*** SOURCE RECORDS ***

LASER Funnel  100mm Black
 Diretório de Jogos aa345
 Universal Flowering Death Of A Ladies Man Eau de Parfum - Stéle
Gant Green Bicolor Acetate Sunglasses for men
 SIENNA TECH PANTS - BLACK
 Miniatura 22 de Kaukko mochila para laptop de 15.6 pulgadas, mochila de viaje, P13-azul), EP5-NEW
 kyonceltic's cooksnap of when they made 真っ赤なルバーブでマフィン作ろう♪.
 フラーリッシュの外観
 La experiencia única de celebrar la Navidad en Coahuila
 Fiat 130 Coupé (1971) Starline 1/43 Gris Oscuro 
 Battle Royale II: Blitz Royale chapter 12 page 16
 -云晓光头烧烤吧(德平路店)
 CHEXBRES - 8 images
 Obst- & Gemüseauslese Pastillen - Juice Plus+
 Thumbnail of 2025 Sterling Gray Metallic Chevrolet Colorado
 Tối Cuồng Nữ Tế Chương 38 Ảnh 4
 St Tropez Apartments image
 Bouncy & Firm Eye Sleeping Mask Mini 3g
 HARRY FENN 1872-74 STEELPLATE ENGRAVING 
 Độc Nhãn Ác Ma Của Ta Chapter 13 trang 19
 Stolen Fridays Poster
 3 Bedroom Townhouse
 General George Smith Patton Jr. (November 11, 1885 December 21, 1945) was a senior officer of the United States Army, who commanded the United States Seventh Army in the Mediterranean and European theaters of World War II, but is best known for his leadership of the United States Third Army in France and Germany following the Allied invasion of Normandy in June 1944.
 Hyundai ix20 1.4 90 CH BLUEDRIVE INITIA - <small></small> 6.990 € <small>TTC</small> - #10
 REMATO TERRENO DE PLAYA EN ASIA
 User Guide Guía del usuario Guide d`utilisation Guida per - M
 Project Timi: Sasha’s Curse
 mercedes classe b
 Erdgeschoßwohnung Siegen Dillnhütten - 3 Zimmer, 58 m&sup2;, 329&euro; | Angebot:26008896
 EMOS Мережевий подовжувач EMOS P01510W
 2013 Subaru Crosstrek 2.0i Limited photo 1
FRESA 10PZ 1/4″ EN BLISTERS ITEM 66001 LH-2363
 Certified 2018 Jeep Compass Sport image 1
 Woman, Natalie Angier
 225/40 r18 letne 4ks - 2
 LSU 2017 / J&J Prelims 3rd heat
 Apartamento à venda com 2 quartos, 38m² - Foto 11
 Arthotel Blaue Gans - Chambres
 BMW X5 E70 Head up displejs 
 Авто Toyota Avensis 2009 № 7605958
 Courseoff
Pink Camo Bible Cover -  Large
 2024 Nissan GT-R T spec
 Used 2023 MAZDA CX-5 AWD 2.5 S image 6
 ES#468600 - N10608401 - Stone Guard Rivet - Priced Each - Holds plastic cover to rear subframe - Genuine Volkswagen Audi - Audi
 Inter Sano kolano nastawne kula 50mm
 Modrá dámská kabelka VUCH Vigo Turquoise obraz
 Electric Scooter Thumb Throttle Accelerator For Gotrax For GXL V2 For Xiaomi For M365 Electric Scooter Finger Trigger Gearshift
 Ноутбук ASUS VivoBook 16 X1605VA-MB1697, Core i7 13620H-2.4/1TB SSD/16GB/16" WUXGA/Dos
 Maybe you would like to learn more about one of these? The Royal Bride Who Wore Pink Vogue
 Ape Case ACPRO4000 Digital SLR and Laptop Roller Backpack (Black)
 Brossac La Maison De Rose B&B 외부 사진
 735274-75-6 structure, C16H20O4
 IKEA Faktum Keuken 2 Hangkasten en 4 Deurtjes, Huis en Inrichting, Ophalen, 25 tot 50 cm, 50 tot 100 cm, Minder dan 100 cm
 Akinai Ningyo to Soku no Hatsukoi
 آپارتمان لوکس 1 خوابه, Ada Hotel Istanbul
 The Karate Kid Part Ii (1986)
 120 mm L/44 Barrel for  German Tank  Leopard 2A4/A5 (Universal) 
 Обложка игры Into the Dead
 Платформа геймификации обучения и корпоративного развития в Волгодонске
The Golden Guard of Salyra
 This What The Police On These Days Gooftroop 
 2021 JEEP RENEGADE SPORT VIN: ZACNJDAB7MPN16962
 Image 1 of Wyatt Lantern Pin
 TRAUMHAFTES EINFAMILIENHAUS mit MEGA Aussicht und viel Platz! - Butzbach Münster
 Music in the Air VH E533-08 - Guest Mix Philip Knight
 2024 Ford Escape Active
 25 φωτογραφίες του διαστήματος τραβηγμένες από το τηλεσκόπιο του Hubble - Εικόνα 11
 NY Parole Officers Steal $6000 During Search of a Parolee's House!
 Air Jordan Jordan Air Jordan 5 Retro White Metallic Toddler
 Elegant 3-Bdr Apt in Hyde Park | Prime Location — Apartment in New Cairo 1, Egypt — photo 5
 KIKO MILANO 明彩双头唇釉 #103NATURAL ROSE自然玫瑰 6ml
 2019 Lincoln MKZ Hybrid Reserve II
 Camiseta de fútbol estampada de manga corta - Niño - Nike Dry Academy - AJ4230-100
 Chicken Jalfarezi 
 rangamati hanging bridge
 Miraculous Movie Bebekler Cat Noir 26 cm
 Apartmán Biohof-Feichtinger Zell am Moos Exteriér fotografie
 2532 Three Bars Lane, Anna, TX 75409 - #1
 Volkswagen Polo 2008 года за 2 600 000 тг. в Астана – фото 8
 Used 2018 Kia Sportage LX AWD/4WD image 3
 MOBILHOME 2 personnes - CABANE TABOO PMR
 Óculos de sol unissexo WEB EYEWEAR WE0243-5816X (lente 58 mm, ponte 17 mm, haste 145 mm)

*** End of SOURCE RECORDS ***

# [WHAT YOU NEED TO DO]
Wherever a line of the data above contains "photo", copy that line.

# [FINAL ANSWER]
 2013 Subaru Crosstrek 2.0i Limited photo 1
 Elegant 3-Bdr Apt in Hyde Park | Prime Location — Apartment in New Cairo 1, Egypt — photo 5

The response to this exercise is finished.